A couple of quick notes about this canteen… instead of a screw cap it’s got a cap that plugs in instead. The cap is plastic and where it plugs in is made from rubber, which will ensure that your lips don’t stick to the canteen (I hate it when that happens) and that the cap won’t freeze to the metal of the canteen itself.
The only downside I can see so far is that it’s heavy, but winter gear tends to be that way. Suck it up!
I won’t go into much detail now because I haven’t had a chance to test these items in field conditions yet, but as soon as I do I’ll let you know how they worked out.
If you have experience with this canteen please leave a comment below. I’ve got a cold weather case for a Nalgene bottle, but when the temp drops below ten degrees or so it starts to freeze up if you let it sit for awhile.
Thoughts About Gear
Military grade gear tends to run heavier than the ultra-light high tech expensive gear you can buy at the trendy outdoor stores, which is important if your bug-out plan involves a long hike, but there are several advantages to using it:
First, it’s been tested under some of the harshest climates in the world and it’s proven to work. If it doesn’t pass muster it doesn’t get used.

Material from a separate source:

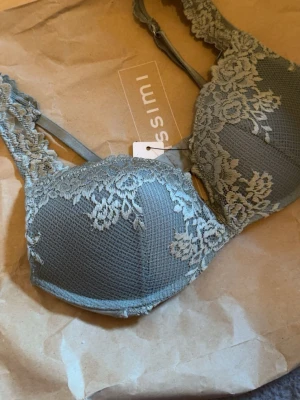 Intimissimi bh 80c - Helt ny med prislapp kvar, aldrig använd! Säljer då den inte kommit till användning, fin grön färg som tyvärr inte finns att köpa längre tror jag. Strl 80C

Second, it’s usually a lot cheaper than the trendy gear. Don’t get me wrong, I have no problem with the trendy stores and high-tech gear. With some of my winter hobbies I need the lightest stuff I can get, but I pay the price for it!
And third, you can buy most of what you need for a bug-out bag in one place. No traveling from store to store as long as your local Army/Navy is fairly well stocked.
Did I mention it’s cheaper?
Have you ever shopped at an Army/Navy store?